Common Interpretation of The Sixteenth Amendment


16th Amendment.jpgThe Sixteenth Amendment, ratified in 1913, played a central role in building up the powerful American federal government of the twentieth century by making it possible to enact a modern, nationwide income tax. Before long, the income tax would become by far the federal government’s largest source of revenue. This Amendment was part of a wave of federal and state constitutional amendments championed by Progressives in the early twentieth century. The Amendment reversed an 1895 Supreme Court decision that had made a nationwide income tax effectively impossible by invoking what today seems an arcane distinction between “direct” and “indirect” taxes.

The Taxing Clause in Article I, Section 8, grants Congress the broad “Power To lay and collect Taxes, Duties, Imposts and Excises,” but Article I also provides (twice) that a “direct” tax must be apportioned among the states on the basis of population. This means that if a tax is a “direct” tax, a state with one-tenth of the national population must bear one-tenth of the total liability. It doesn’t matter whether one state has lots of whatever is being taxed (such as valuable land) and another state has very little—the states have to bear the burden according to population. That requirement makes direct taxation cumbersome, and often impossible.

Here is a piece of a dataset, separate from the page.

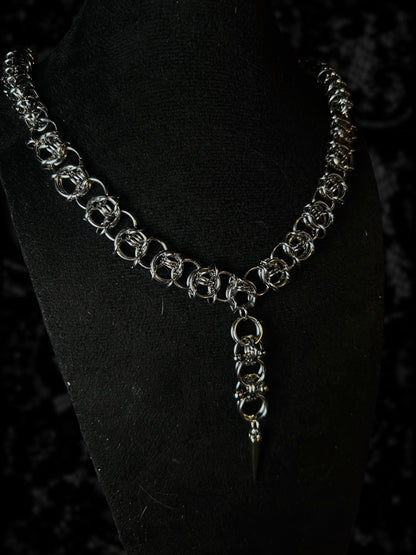 Ritual - The Ruin Collection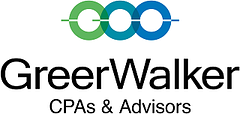 GreerWalker logo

For other taxes—the so-called “indirect” taxes—there is no apportionment rule. The Constitution requires only that “all Duties, Imposts and Excises shall be uniform throughout the United States.” This is a relatively easy requirement to satisfy: what’s taxed and the tax rates mustn’t vary from state to state. In the nineteenth century, most of the government’s revenue came from “duties, imposts and excises” on consumption of various goods.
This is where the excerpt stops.